Sanballat was very angry when he learned that we were rebuilding the wall. He flew into a rage and mocked the Jews, saying in front of his friends and the Samarian army officers, “What does this bunch of poor, feeble Jews think they’re doing? Do they think they can build the wall in a single day by just offering a few sacrifices? Do they actually think they can make something of stones from a rubbish heap—and charred ones at that?” Tobiah the Ammonite, who was standing beside him, remarked, “That stone wall would collapse if even a fox walked along the top of it!” – Nehemiah 4:1-3.

Nehemiah traveled hundreds of miles to rebuild the wall of Jerusalem. This was important work, as the wall was Jerusalem’s first line of defense. But Nehemiah’s restoration work did not go unopposed.  

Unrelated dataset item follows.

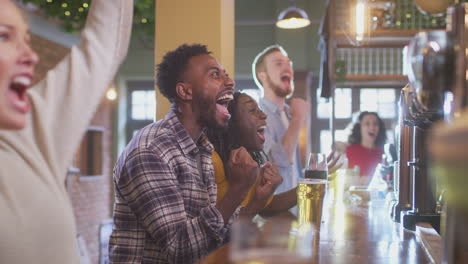 Group-Of-Excited-Customers-In-Sports-Bar-Watching-Sporting-Event-On-Television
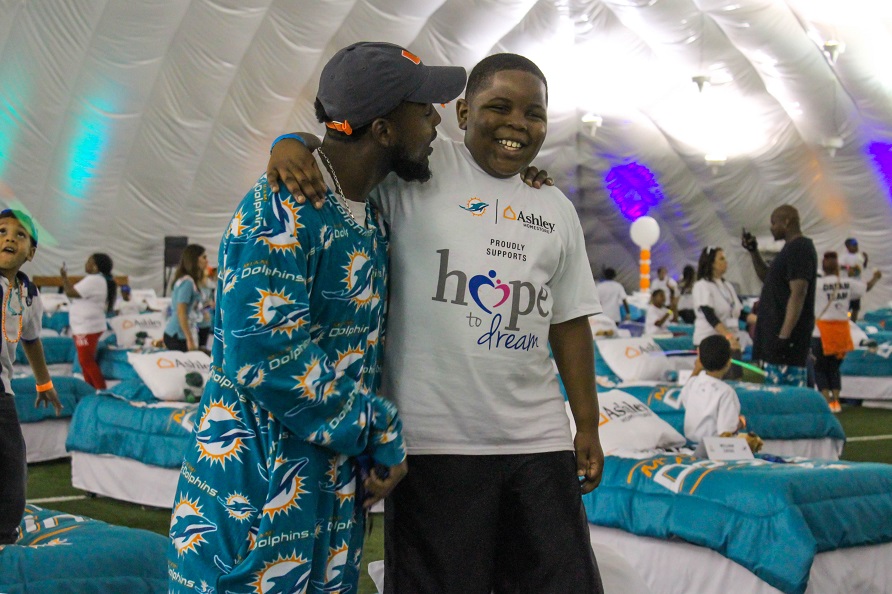 Touchdown! City Furniture, Miami Dolphins bring better sleep to kids in  need - Furniture Today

His first enemies are introduced in Nehemiah 2:19a, “But when Sanballat, Tobiah, and Geshem the Arab heard of our plan, they scoffed contemptuously…” This threesome was joined by more people: the Arabs, Ammonites and the people of Ashdod. Nehemiah’s progress on rebuilding the wall has made them “furious. “(Nehemiah 4:7) They all made plans to come and fight against Jerusalem and throw us into confusion. (Nehemiah 4:8).

Do you have a Sanballat in your life? Well, probably not literally, but perhaps figuratively. If we have a Sanballat in our life today, he or she wants to stifle our spiritual growth. Sanballat wants to make it look like the job is impossible; in other words create doubt. And Sanballat wants to rally opposition against what you are trying to do. Just like he did to Nehemiah. The spirit of Sanballat’s goal is to discourage you—to get you to quit what God has called you to do. The goal is to tear down—not build up—the wall God is calling you to build. Sanballat can take the form of discouragement, fatigue and fear. These are a few of the enemies of restoration and rebuilding.

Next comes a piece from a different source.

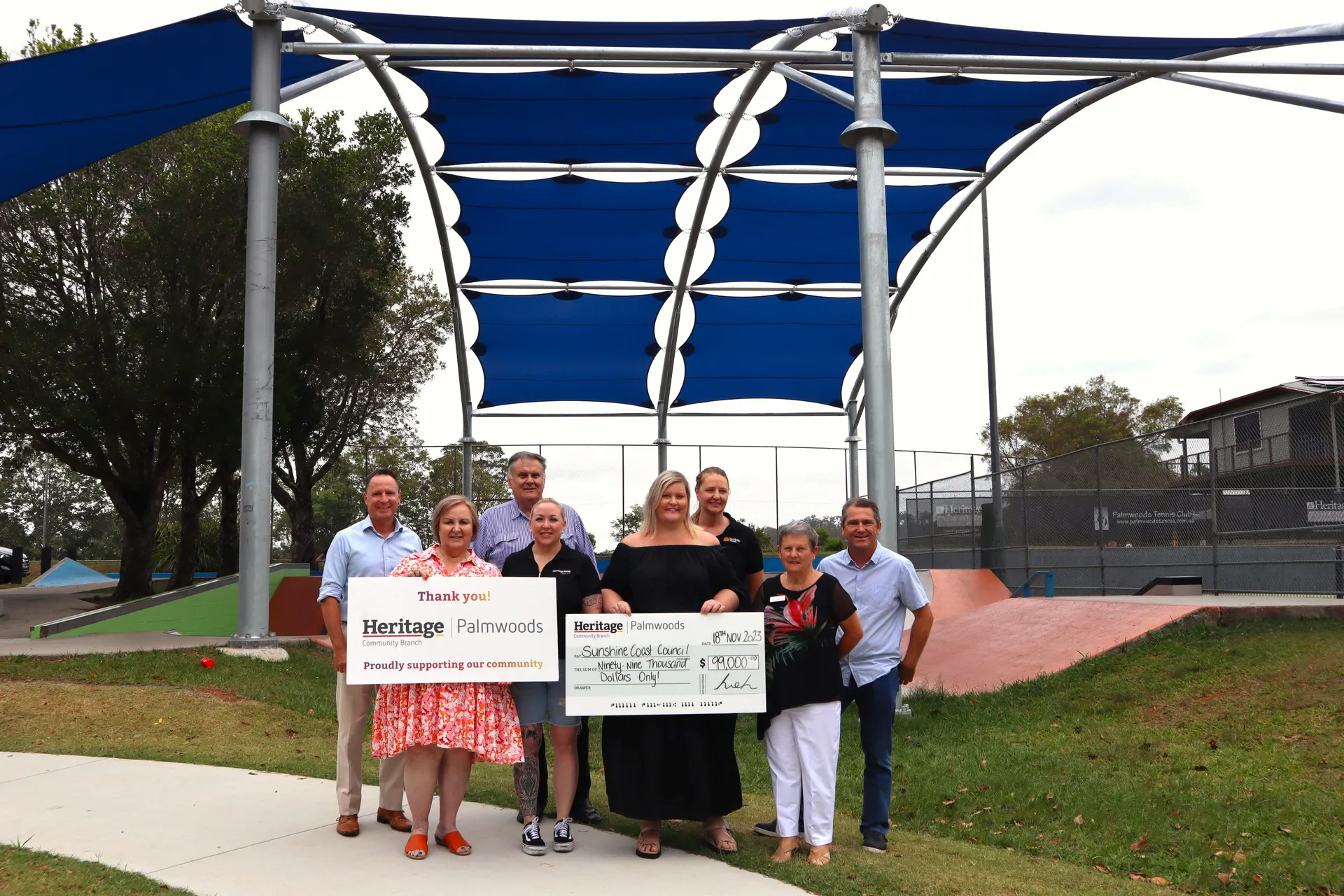 Councillor Winston Johnston alongside Heritage Palmwoods Community Branch members.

This is a good time to remind ourselves who was rebuilding the wall. God was the Architect, and Nehemiah was the contractor. God was at work. It was His will to rebuild the wall and the gates around the city. Anyone in opposition to that goal was in opposition to God. Nehemiah was determined that no one but God would stop the work.  

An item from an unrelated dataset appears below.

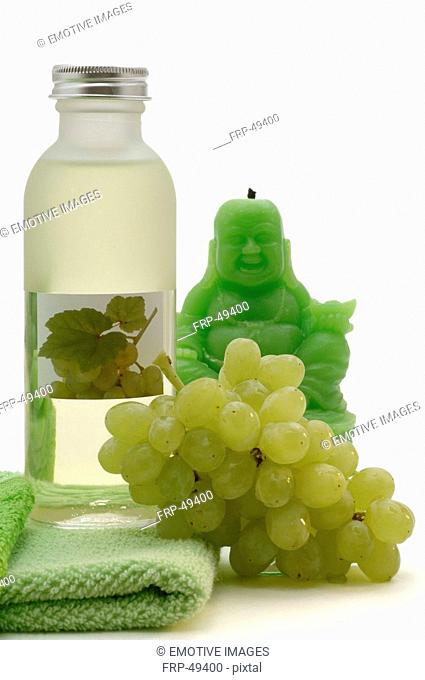 Traubenkernöl aus weißen Trauben, mit einem grünen Handtuch, weißen Weintrauben und einer grünen Buddha-Kerze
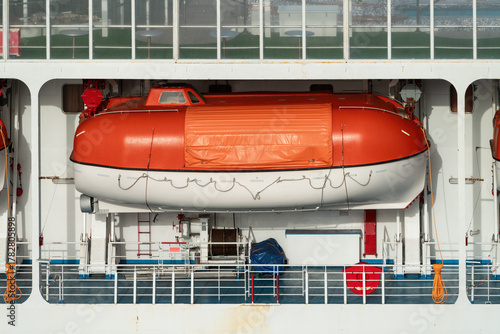 Tableau sur toile Enclosed orange and white lifeboat mounted on the side of a cruise ship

Nehemiah finished the wall. Nehemiah achieved this, not by removing the fear of attack and reprisal but by helping the people face their fears, turning them towards God who was their defender and shield. Like Nehemiah, we need to act with God, and for God, even though it means strenuous effort and opposition. We need to trust God, do our day’s work faithfully, and leave the future and the results to Him. 

Discussion Questions:

  1. What can you learn from Nehemiah about handling opposition to God’s work? How might your situation differ from what Nehemiah faced in his day? 
  2. How does praying persistently for a significant period of time prepare us for moments of decision and crises of belief in our lives?